We’re getting towards the end of November now, and for anyone participating in NANO, you should be coming to the end of your 50,000 words, with a week to go.
Or maybe you’re not. Maybe you made that all important decision to start, but now you’re flagging. Maybe something’s come up in your life, or the bustle of the holidays started too early, or a thousand other things that could be coming between you and the end of your project.
Maybe you’re not doing NANO at all, but the writing habit is still having a hard time sticking in your day to day schedule. It’s time, then, to make another decision.
Decide to finish your project
Right now. Tell yourself that you will finish the project you’re working on right now. You don’t have to edit it. You don’t have to publish it. You just have to finish it.
Why? Because that is the hardest part.
Once you’re project is done, you can put it away. Tell yourself you don’t have to look at it anymore. You’ll probably want to, though. There’s something about a rough draft that screams for a red pen. But if you tell yourself that you don’t have to, you want to, it will come a little easier. And trust me, editing takes more time, but it’s not nearly as hard as creating from scratch. Think of it as the difference between weaving fabric, and cutting it up to sew something.
You’ll know you did it.
Tell someone you’re a writer. There’s something like a 60% chance they’ll tell you all about how they want to write, to. They probably don’t have a finished manuscript, though. Finishing a rough draft, no matter how messy, sloppy, coffee stained and cliché ridden, is an accomplishment to be proud of, and it’s something most wannabe writers never do.
Besides, it gives you a huge endorphin boost to complete a big project. It’s good for us to feel like we’ve accomplished something.
But there’s going to be that moment when you have to make that decision.
Now, if you’ve read all this before you’ve hit your wall, you might be scoffing at me.
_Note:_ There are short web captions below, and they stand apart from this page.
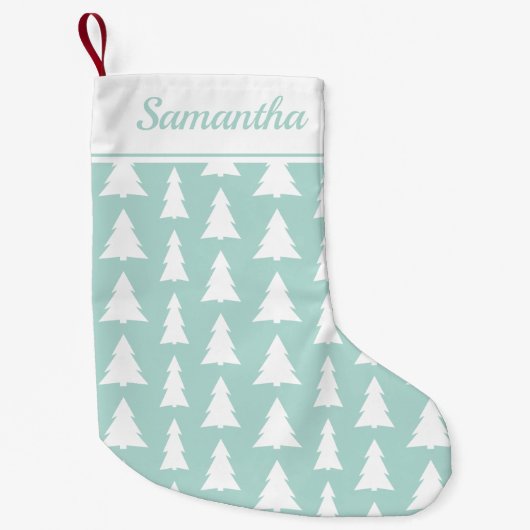 Weihnachtsbaum Mint Grün Muster mit Individuelle N Kleiner Weihnachtsstrumpf (Vorderseite)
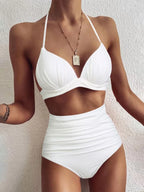 Triangle Bikinis 2025 Women Push Up Swimsuit Solid Sexy High Waist Swimwear Female Swimming Bathing Suit Summer Beachwear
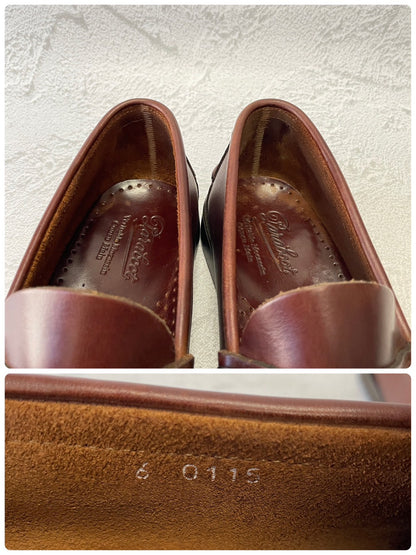 【美品】Paraboot パラブーツ Coraux コロー コインローファー ビーフロール マリンソール 茶 ブラウン UK6 / 24.5cm【W3381】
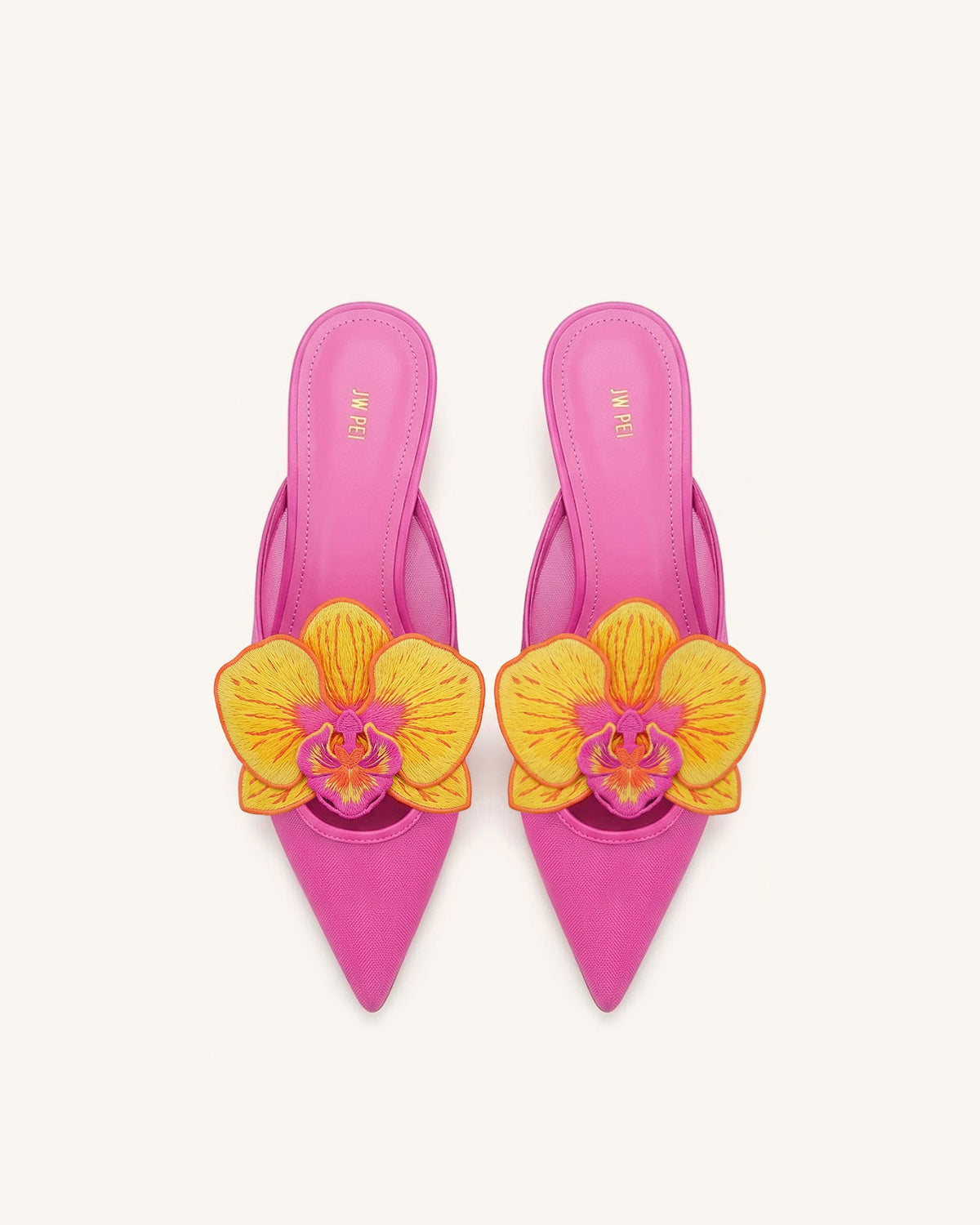 Helena Embroidery Decoration Pierced Mules - Rose Red | JW PEI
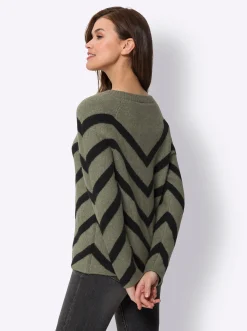 Pullover|heine Rundhalspullover in Flausch-Qualität khaki-schwarz-meliert
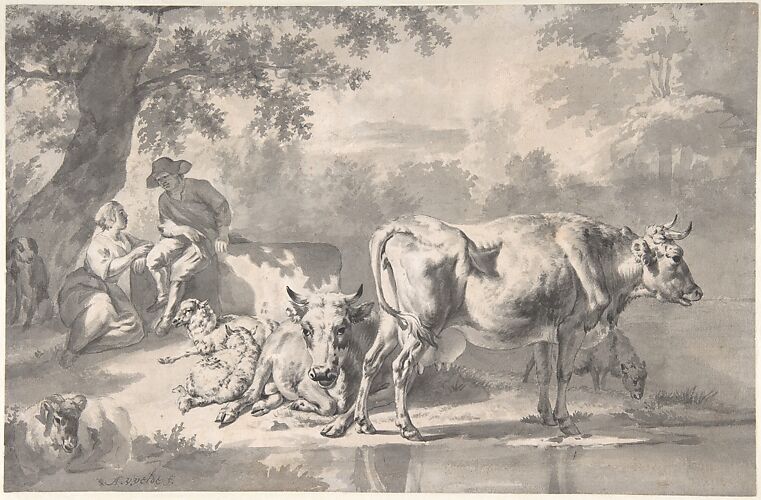 Peasants with Cattle and Sheep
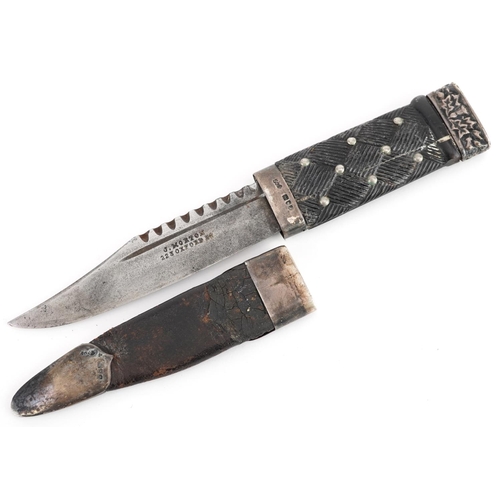 745 - A late 19th century stainless steel and silver mounted knife by J. Morton, Oxford Street circa 1899,...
You might still be on that first awesome waive of first draft glee, and thinking about what to wear for your author photo. If so, that’s great. You might not come to that point where you have to decide to keep going. But you probably will. I did.
Maybe it will be writers block. Maybe your commitments to your day job will increase. Maybe you’ll become a parent. Or maybe you, like me, will rather suddenly find yourself in the middle of a nasty custody battle not of your own making. No matter what it is, something is very likely to make you question your devotion to being a writer.
Sometimes you won’t have a choice. Sometimes your writing will be your saving grace in those moments, but maybe not. And you know what? That’s okay. You can put the project down if life’s getting in the way.
But that does mean that at some point, if you still want to be a writer, you’ll have to decide to finish. You might even have to decide every day to keep going.
And that’s what really separates the writers from the people who just say they want to write. Decide to finish.